Tenía ganas de golpearlo. Sentía como si un demonio lo hubiese poseído de pronto. Nunca habíamos hablado del tema, pero siempre me pareció tan lógico suponer que él pensaba como yo… ¿Cómo podía traicionarme, cómo podía traicionarnos así? Éramos hermanos, más que hermanos… No podía ser cierto.
—Será mejor que nos vayamos —se disculpó Marianne—. Quizás en otro momento, cuando ambos se calmen, puedan hablar con calma.
—¡Ya no tenemos nada de qué hablar! —grité. Marianne y yo tomamos apresuradamente nuestras cosas y nos dispusimos a salir. La rabia casi me provocaba convulsiones.
—Gustav, por el amor de Dios —me imploró Natalia todavía.

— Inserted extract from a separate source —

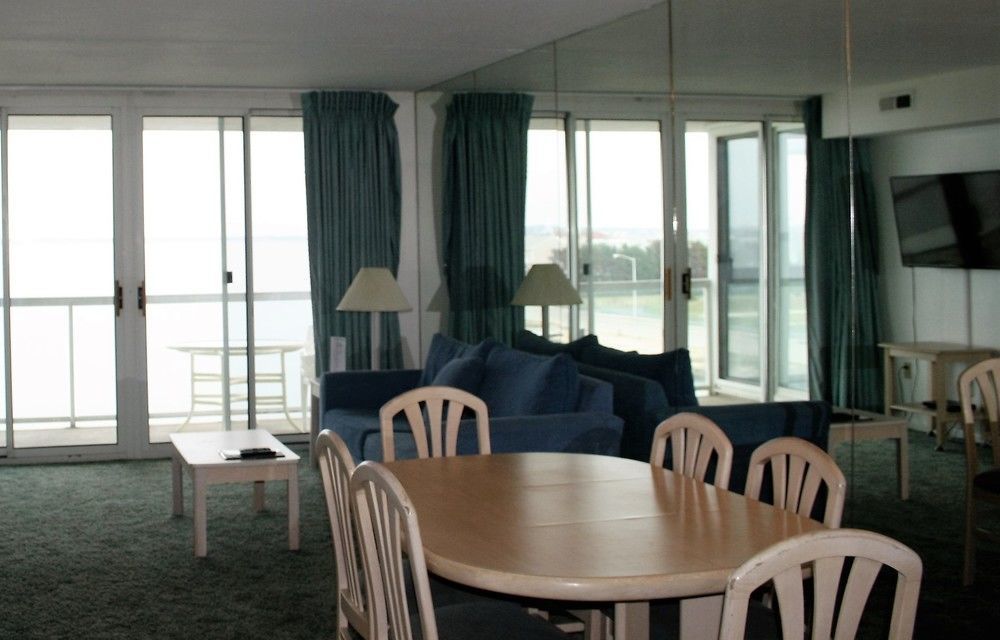 Bay Club Resort By Kees Vacations Ocean City Exterior foto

—Que Dios los perdone —terminé.
«Klingsor», volvió a leer el teniente Francis P. Bacon sin lograr que esta palabra le revelase su misterio. Para ser sincero consigo mismo, nada significaba para él: no tenía la menor idea de lo que tenía que hallar y tampoco sabía cómo buscarlo. A pesar de la determinación con la cual había accedido a hacerse cargo de la empresa, y de la experiencia que había adquirido durante su trabajo previo, no sabía por dónde comenzar. En teoría, él era el experto en cuestiones científicas del ejército norteamericano, de modo que no tenía a quién recurrir para que lo guiara en medio de aquel laberinto. Más que a un problema científico, se enfrentaba a un enigma expresamente dirigido contra él. ¿Cuántos archivos tendría que recorrer? ¿A cuántas personas tendría que localizar e interrogar? Y todo para que quizás no mereciese la pena el esfuerzo: lo más probable es que se tratase de una cuestión menor, acaso uno de los incontables proyectos emprendidos por la telaraña burocrática nazi que nunca se había llevado a término.